Vestibular schwannoma resection is a challenging surgery, with nuance relating to many aspects of the procedure. The retrosigmoid approach can be performed with the patient in a sitting, lateral, or supine position. Further, the incision and how to deal with the muscles during opening is important to avoid muscle atrophy or numbness. We acknowledge the heterogeneity in practice relating to local expertise and surgeon preference. The codified retrosigmoid approach presented in this manuscript can serve as foundational research for further work, such as operative workflow analysis or neurosurgical education.

Utilizing the Operative Workflow for Simulation and Education

Vestibular schwannomas cause unilateral hearing loss, tinnitus, imbalance, and headaches.[28] Zhang et al[29] reported a large retrospective series of 1,006 patients undergoing vestibular schwannoma resection. The mortality was 0.3%, risk of meningitis was 1.2%, and risk of cerebrospinal fluid (CSF) leak was in 9% of cases. Their reported CSF leak rate and the need for revision surgery decreased over time, while House–Brackmann facial nerve grade and hearing preservation after surgery improved over time. The authors cite improvement in functional outcomes that is due to increasing experience on smaller vestibular schwannomas.[29] In modern practice, smaller vestibular schwannomas are often managed nonsurgically with stereotactic radiosurgery.[4] This heralds an issue for current neurosurgical and ENT trainees, as there is a reduction in the number of smaller tumors to resect, train on, and enhance operative skills.
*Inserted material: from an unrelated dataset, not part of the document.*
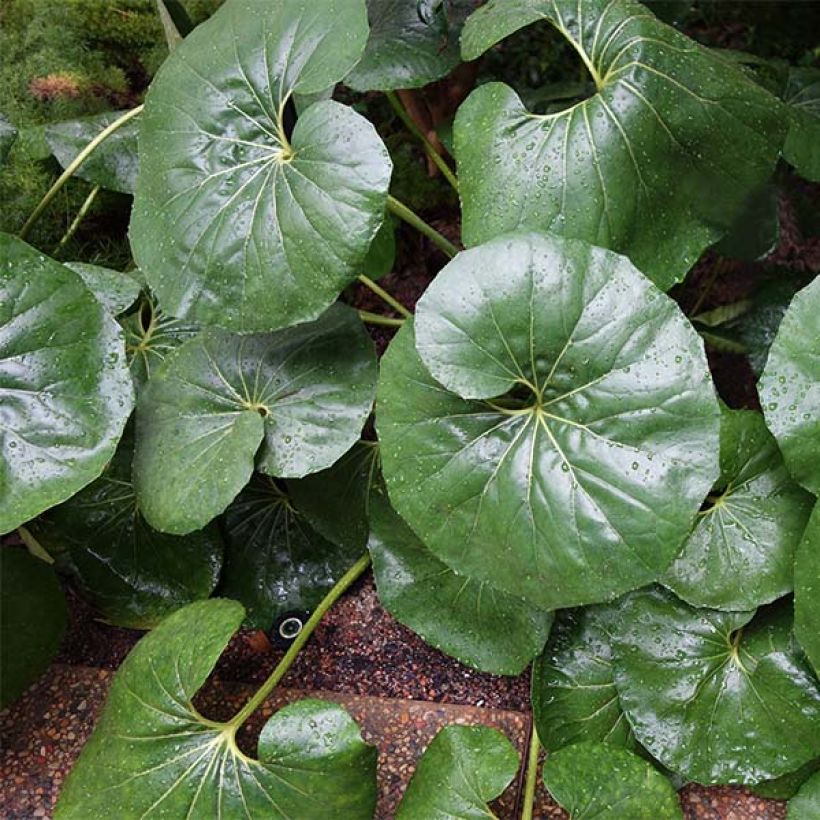 Farfugium japonicum Gigantea (Porto)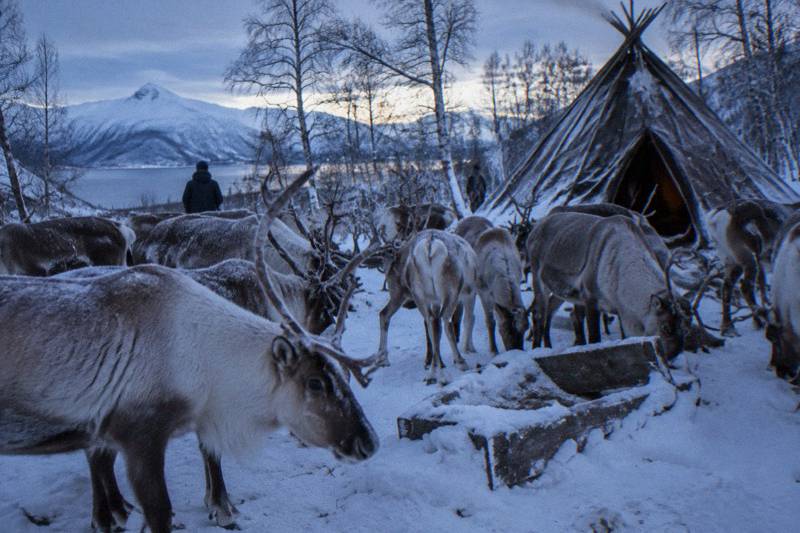 Tromsø: Reindeer Camp and Sami Cultural Tour with Lunch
Additionally, the learning curve for vestibular schwannoma resection is steep,[30] such that limited surgical experience in low-volume centers can result in poor functional outcomes and increased morbidity.[31] Adequate training and experience are essential in reducing mortality and morbidity. Operative workflows can provide a medium to explore and improve simulation, through the creation of high-fidelity models.[32] This can improve training experience and reduce mortality and morbidity.

Postoperative complications resulting from intraoperative errors during microsurgery for vestibular schwannoma resection are well known and have been well reported traditionally.[33] [34] Seventy-five percent of errors within neurosurgery are deemed as preventable and technical in nature.[35] For example, injury to the venous sinuses or the cerebellar arteries can have devastating consequences for patients during vestibular schwannoma resection.[33] [34] [36] [37] Our operative workflows contain information on technique errors and event errors,[38] paired with an exact sequence of phases and steps. This provides a framework for the development of high-fidelity models which encompass the importance of error awareness, avoidance, and management. This can be integrated with a model using augmented reality overlay to simulate a vessel injury and subsequent bleeding.[39] This gives the surgical trainee the opportunity to face and deal with intraoperative complications in a safe environment with no harm to patients. High-fidelity simulation models incorporating the operative workflows, as presented here, may become an integral component of surgical training in the future. For example, Realists spinal models ( https://www.realists.de/realspine ) already simulate bleeding and complications.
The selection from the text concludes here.